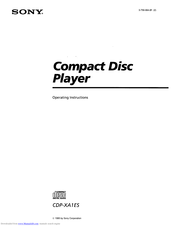 Sony CDP-XA1ES Operating Instructions Manual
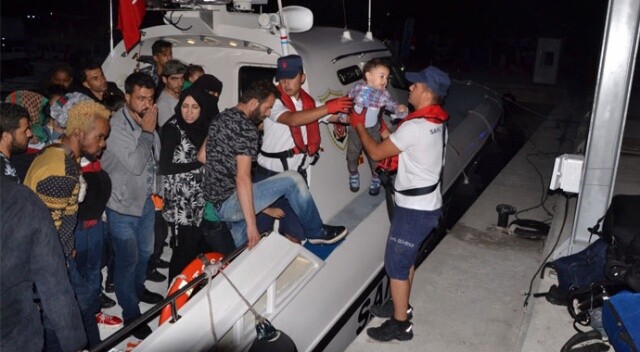 İzmir&#039;de 42 düzensiz göçmen yakalandı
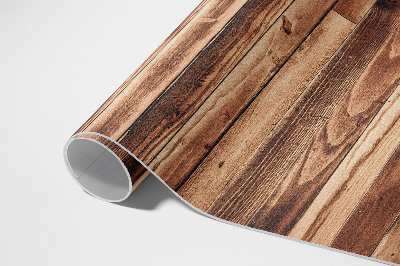 Tapis vinyle d’extérieur Parquet en bois usé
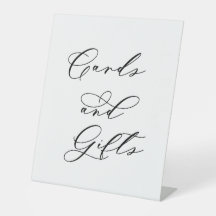 Minimalist Cards and Gifts Wedding Sign | Elegant 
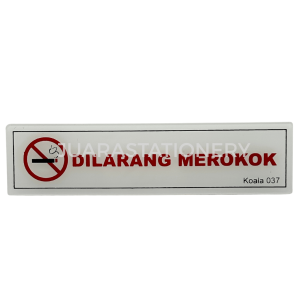 Acrylic Sign Papan Penunjuk / Akrilik Label Pintu Tarik Dorong Toilet CCTV No Smoking No Parking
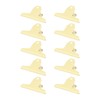 10pcs Metal Binder Clip Multipurpose Strong Grip Large Paper Binder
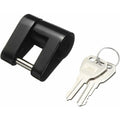 Caravan Security Locks For Safe And Durable Theft Protection, Unisex Metal Locksmith Tools, Trailer Lock, Black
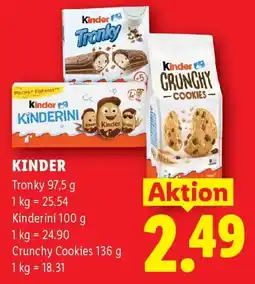 Lidl Kinder Tronky Angebot
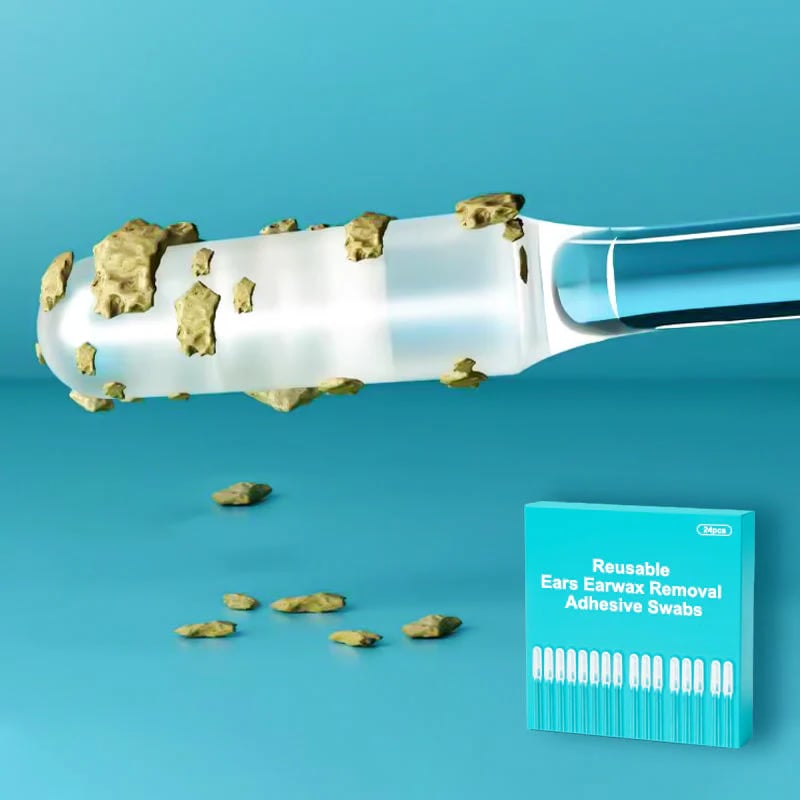 🔥2026 HOT SALE🔥 Reusable Earwax Removal Adhesive Swabs
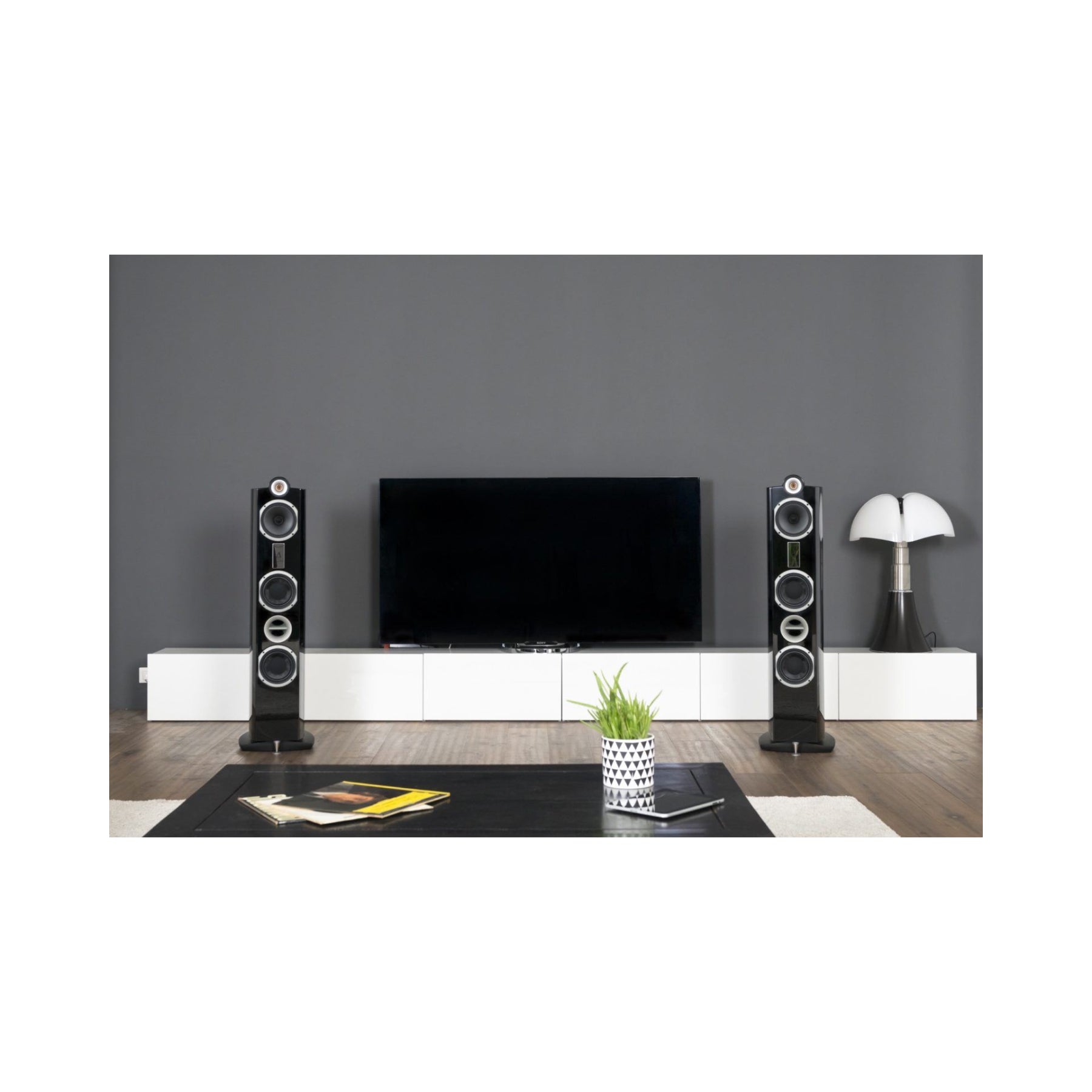 Premium Triangle Signature Delta Floorstanding Speakers - High-Fidelity Stereo Sound for Home Theater & Music Listening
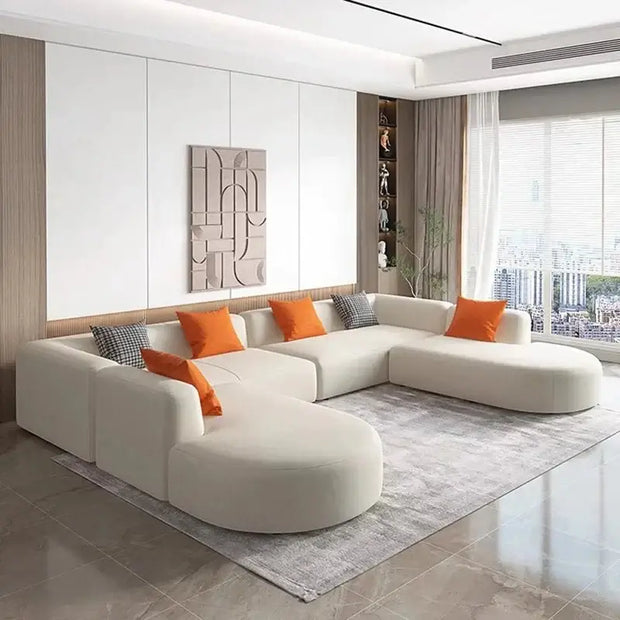 Corner Sectional Lazy Floor Sofa-MinimalisticDecor.com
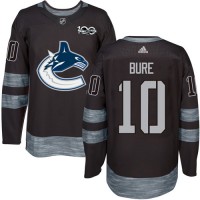 Adidas Vancouver Canucks #10 Pavel Bure Black 1917-2017 100th Anniversary Stitched NHL Jersey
+ + + +
▶ _TASK TO COMPLETE_
Only the lines from the one that holds "İzmir&#039;de 42 düzensiz göçmen yakalandı" through the final line of the material should be reproduced, word for word, with the pictures omitted.

▶ _SOLUTION_
 İzmir&#039;de 42 düzensiz göçmen yakalandı
 Tapis vinyle d’extérieur Parquet en bois usé
 Minimalist Cards and Gifts Wedding Sign | Elegant 
 Acrylic Sign Papan Penunjuk / Akrilik Label Pintu Tarik Dorong Toilet CCTV No Smoking No Parking
 10pcs Metal Binder Clip Multipurpose Strong Grip Large Paper Binder
 Caravan Security Locks For Safe And Durable Theft Protection, Unisex Metal Locksmith Tools, Trailer Lock, Black
 Lidl Kinder Tronky Angebot
 🔥2026 HOT SALE🔥 Reusable Earwax Removal Adhesive Swabs
 Premium Triangle Signature Delta Floorstanding Speakers - High-Fidelity Stereo Sound for Home Theater & Music Listening
 Corner Sectional Lazy Floor Sofa-MinimalisticDecor.com
 Adidas Vancouver Canucks #10 Pavel Bure Black 1917-2017 100th Anniversary Stitched NHL Jersey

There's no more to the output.